経営状況が芳しく無く、資金繰りが厳しい場合や、新たに融資を受けられない場合に検討すべき事項としてリスケジュール(略して「リスケ」と呼びます)があります。
リスケジュールとは、毎月の返済が厳しくなった場合に、金融機関(ここでいう日本政策金融公庫)に依頼をすることで、一定期間の元金の返済猶予してもらうなどして、返済計画の見直しをすることです。
特に創業して間もない企業や、予測不能の災害のような外部要因に影響された企業など、様々な要因で返済が困難になる可能性があります。
日本政策金融公庫も、
「お客さまの事業の状況を十分にお伺いして返済条件の緩和を行い、経営の立て直しを支援していくことは、新たな融資を行うことと同様に重要と考えており、引き続き柔軟に対応していきます。」
と謳っており、リスケ自体珍しいことではないと伺い知れます。
ではここから、実際にリスケを進めていくにあたって抑えておくべきポイントや、実際の交渉の際に、社長が気をつけるべきポイントについてもご説明します。
合理的な経営改善計画書を持参する
リスケをする際には、必ず「資金繰り表」や「経営改善計画書」といった書類を作成します。
これによって「短期的には資金が足りなくなるが、一時的にリスケジュールをしてもらえれば、中長期的には返済が可能である」ことを説明することになります。
また、改善計画の中で、なぜそのような売上増加が見込めるのか、といったことやコストカットの根拠を答えられるようにしておくことで、担当者とも計画的かつ合理的な返済計画に変更することが出来ます。
この経営改善計画というのは単にリスケジュール交渉用資料ではなく、企業の改善の道標となるものです。

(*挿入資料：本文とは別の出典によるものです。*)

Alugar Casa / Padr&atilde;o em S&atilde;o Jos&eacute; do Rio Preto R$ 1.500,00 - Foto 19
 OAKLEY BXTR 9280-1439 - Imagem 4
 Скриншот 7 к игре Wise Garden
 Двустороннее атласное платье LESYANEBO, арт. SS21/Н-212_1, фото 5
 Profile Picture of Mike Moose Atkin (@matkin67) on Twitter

これを適当に作成する上に、交渉もうまく行かずリスケをしても返済が厳しいとなっては意味がありません。
経営改善計画書の作り込みは必須と言えます。
リスケジュールは一時的な猶予を貰うだけ、という姿勢
リスケジュールをすると、企業側としては資金繰りが楽になるためメリットがあることは言うまでもありません。

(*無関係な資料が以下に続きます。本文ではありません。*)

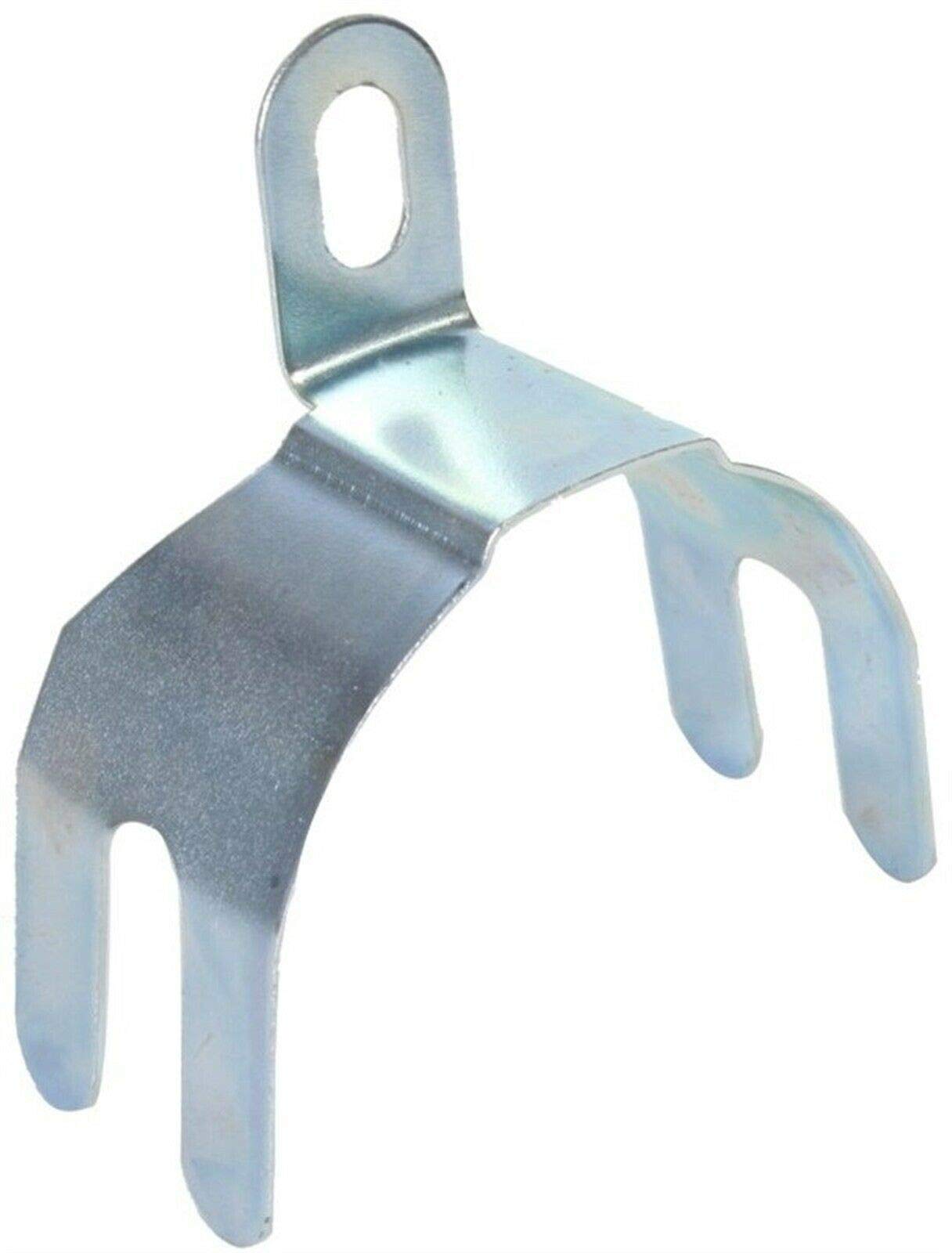 Wald Products Fender Parts, Bridge Clip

他方、日本政策金融公庫としても、資金繰りが苦しい会社に無理に返済を求めるよりも、現在の財務状況や今後の返済計画を検討することで会社の建て直しを図り、資金繰りを改善したほうが、貸したお金が返ってくる可能性が残ります。
つまり、銀行側としては、計画書の内容や経営者の話から、この企業であれば猶予を与えれば経営改善の見込みがあると思うことができれば、十分リスケに応じる意味があることになります。

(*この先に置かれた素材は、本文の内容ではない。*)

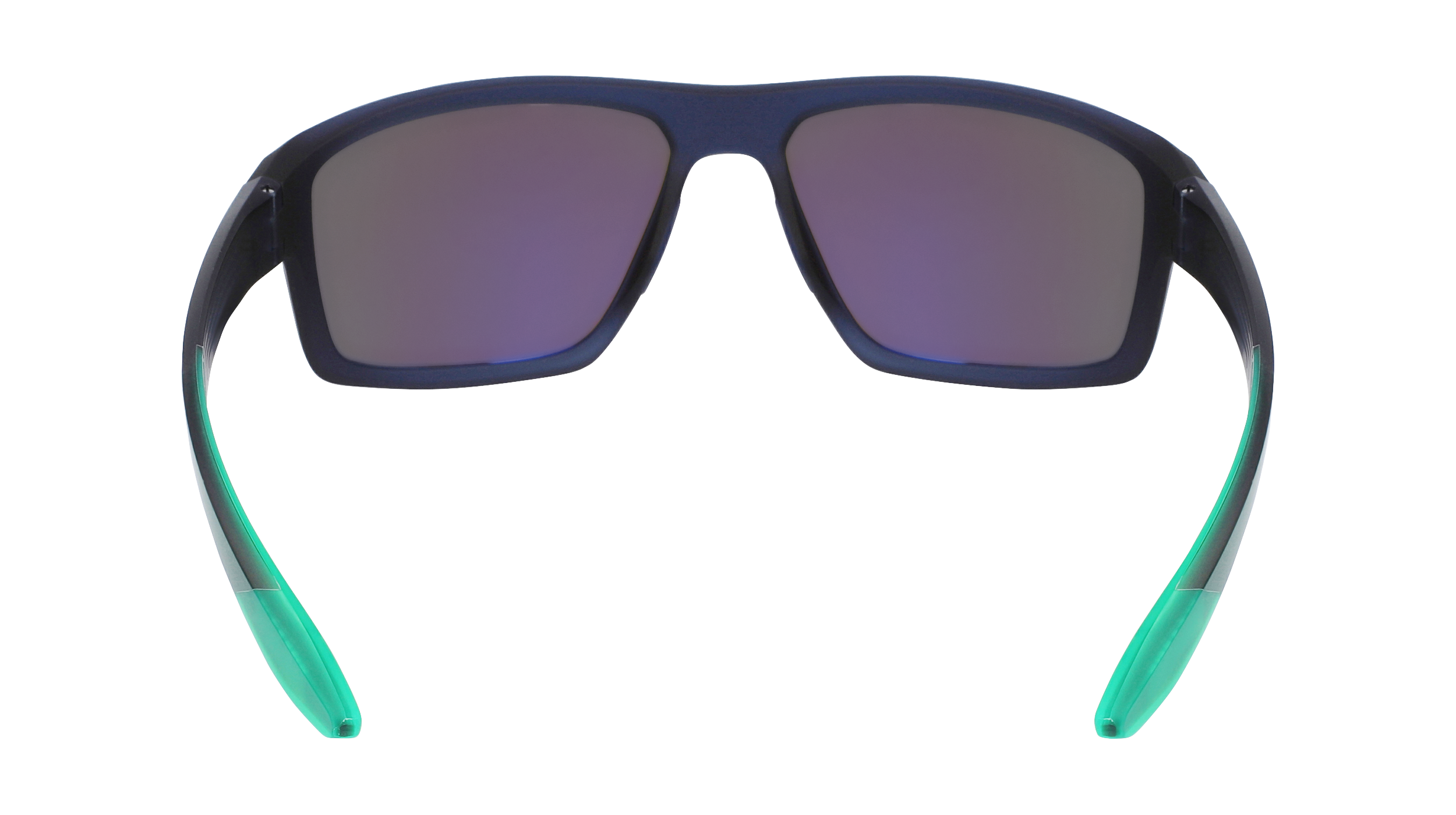 NIKE BRAZEN FURY M FJ2264 410 Occhiali da sole Nike 7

これらのことから、リスケ交渉で重要になるのは「返済が苦しいから助けてください」というスタンスではなく、「一時的に猶予を貰えれば経営改善の見込め、将来的には残債の返済も再開することが出来る」という姿勢で臨むことです。
この交渉姿勢で、説得力のある計画書を用意することで、返済期間などの条件緩和の交渉も、企業側のペースで、計画・希望に沿ったリスケになるかと思います。
リスケは早めのタイミングで
最後に、リスケジュールを検討すべきタイミングについても解説します。
当然、折返し融資を断られたというように、目の前の資金繰りが危ういということであれば有無を言わさずリスケジュールの交渉に走ることとなります。
しかし、そうでなくても3ヶ月以内に資金不足が考えられる場合には、リスケジュールの交渉を行いましょう。資金ショートギリギリまで引っ張って泣く泣くリスケの相談に行くようでは交渉は上手くいきません。
数カ月先の資金ショートが予想されるのであれば、ここを凌ぐことで経営改善がなされ、将来的にも通常の返済条件に戻すことが出来る、と資料を持って説明することで、行きあたりばったりでない企業側のペースでのリスケ交渉が出来ることでしょう。
さて、ここまでいかがだったでしょうか?
リスケジュールとは、資金繰りが厳しく返済が困難である場合に、金融機関(ここでいう日本政策金融公庫)と交渉し返済条件を変更・調整するものです。
出来れば早め早めに手をうち、追加融資を受けられればそれが良いですが、そうでなくても、資金繰りを見極め早めのリスケ交渉で手を打てられればいいでしょう。
その際には、根拠のある計画書と経営改善及び借金完済の為のリスケであるという姿勢を忘れずに交渉に挑んで下さい。